The most likely entrants will come in the insurance and securities industries. “Securities and insurance will be first,” said a research analyst for China’s State Council-affiliated think tank who I interviewed in Beijing on Nov. 15. He called the policy “good for reform” in China and noted that researchers analyzed the risks to China’s financial system in a report two years ago, suggesting this has been on the minds of the leadership for some time.

Foreign securities firms, in particular, offer a degree of global experience and technology that would be attractive to Chinese corporations. Also, there is far less balance-sheet risk for securities firms that take a fee for transactions, compared with a commercial bank making a long-term loan that remains on its balance sheet. In addition, China is increasingly seeking to raise capital abroad, both to avoid capital controls and due to tighter liquidity conditions domestically.

However, Chinese insurance and securities firms have been generally quite profitable and may be reluctant to sell majority stakes. Only the weaker ones would be willing to dispose of majority equity interests. Foreign firms also may be reluctant to import their most valuable trading technology and algorithms into a country with weak protection of intellectual property. Trading algorithms take years to develop. Also, many countries will be unwilling to allow Chinese access to important financial data such as the size of gold reserves or financial flows. China has its own view of national security that tends to be more protectionist than that of the West.

In addition, Chinese insurance and securities brokers have dipped heavily into the opaque shadow banking market, acting as if these loans are not their responsibility — a questionable assumption given China’s state-led financial system. This would raise red compliance flags among foreign firms.
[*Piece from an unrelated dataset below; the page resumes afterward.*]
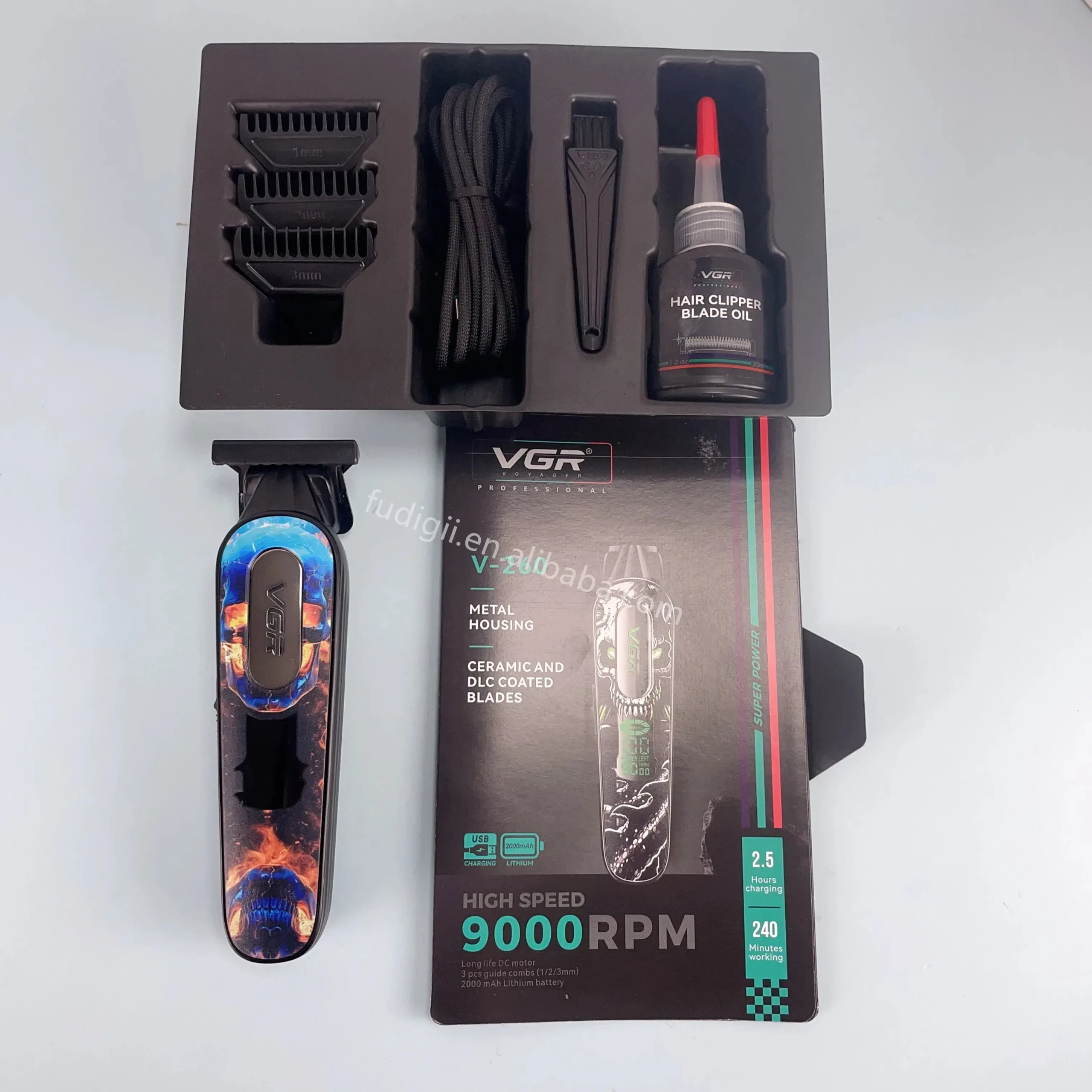 VGR V-260 Tondeuse à Cheveux Rechargeable Sans Fil pro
Further complicating implementation of the new policy is an expected change in the leadership of the country’s central bank. Zhou Xiaochuan, the governor of the People’s Bank of China (PBC), is seen to be retiring in 2018. The two likely candidates to replace him, Jiang Chaoliang and Guo Shuqing, have differing views on financial liberalization. Guo, the former chairman of China Construction Bank, is considered more globally sophisticated and open to financial reform. He studied at Oxford for a year and later was in charge of China’s foreign exchange policies. In contrast, Jiang is more of a banker’s “insider,” having spent most of his career in the domestic Chinese banking industry. The

appointment will be important due to the PBC’s rising power. In July 2017, during a financial meeting held every five years, the PBC was anointed the chief financial regulator for the country, so this appointment will be key to any radical changes.
Expect a flurry of high-profile deal announcements from the securities industry — but little actual new capital. American firms dominate global finance and are likely to be the first movers. The real progress will come in 2018 when the foreign financial institutions, especially U.S. firms, have had time to digest the news and test the willingness of domestic regulators to allow significant foreign access. The new financial openness will encourage overseas banks to favor China’s foreign policy mandates due to their interest in expanding revenue. This would be good for China’s rising global influence.
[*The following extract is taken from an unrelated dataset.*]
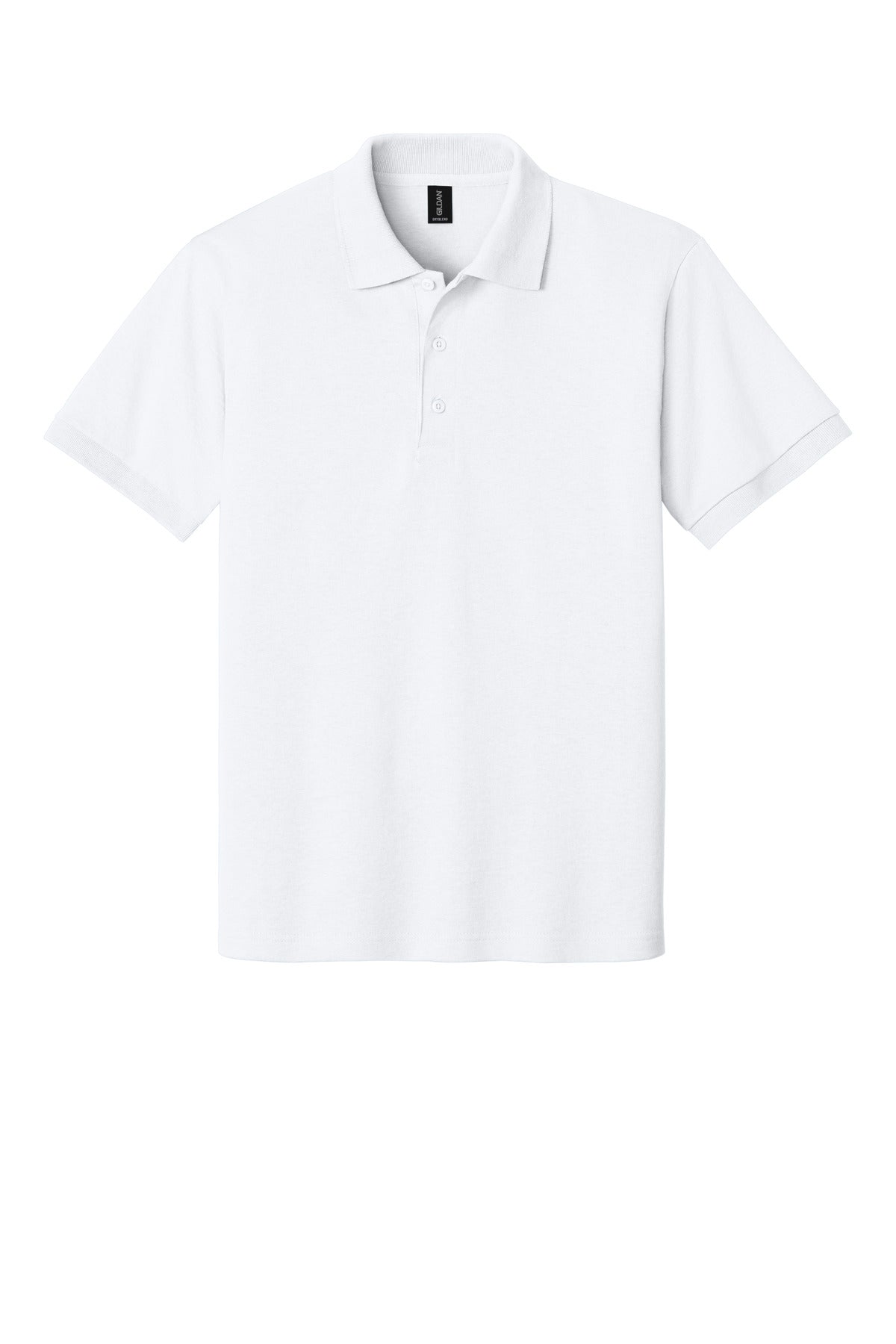 Gildan DryBlend Jersey Polo (OS-8800) - White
However, there could be opposition among domestic groups in the United States concerned about American capital contributing to China’s economic improvement. The Trump administration is showing growing signs of launching trade policies against Chinese imports. While U.S. banks will be wary of waving the flag in China, senior Trump administration officials may be less reluctant to take action against Chinese institutions such as foreign branches of Chinese banks if they feel that China is taking advantage of American capital.

Andrew Collier is an independent macroeconomic researcher based in Hong Kong. He holds a master’s degree in international relations from Yale University, and is the former president of the Bank of China International USA, the BOC’s U.S. investment bank.